The U.S. Justice Department has reached a $16.65 billion settlement with the Bank of America Corp. – the largest civil settlement in American history – to resolve federal and state claims against the bank and Countrywide Financial Corp. and Merrill Lynch, companies it acquired in 2008.
As part of the settlement, the bank has agreed to pay a $5 billion penalty under federal financial recovery laws and to provide $7 billion in relief to struggling homeowners, including funds that will help defray tax liability as a result of mortgage modification or forgiveness.
U.S. Attorney General Holder said the payments are appropriate given the size and scope of the wrongdoing.
The Justice Department and the bank settled several of the department’s civil investigations related to the packaging and sale of residential mortgage-backed securities or RMBS and collateralized debt obligations or CDOs and the bank’s practices for the underwriting and origination of mortgage loans.

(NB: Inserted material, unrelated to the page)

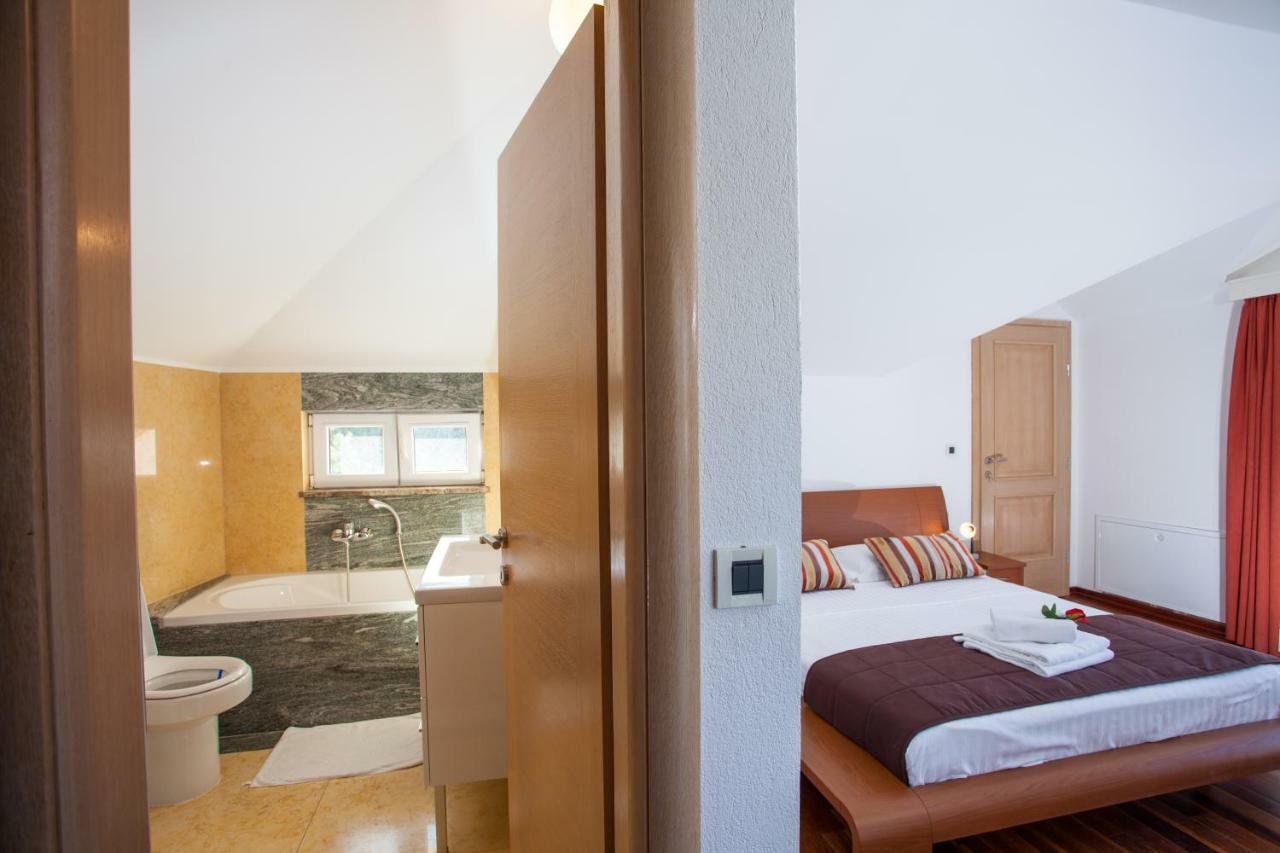 Villa Luce Mit Pool Makarska Oda fotoğraf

In the settlement, announced Thursday, the bank admitted that it sold billions of dollars of RMBS without disclosing to investors key facts about the quality of the loans. When the RMBS collapsed, investors, including federally insured financial institutions, suffered billions of dollars in losses.
The bank also said it originated risky mortgage loans and made misrepresentations about the quality of those loans to Fannie Mae, Freddie Mac, and the Federal Housing Administration.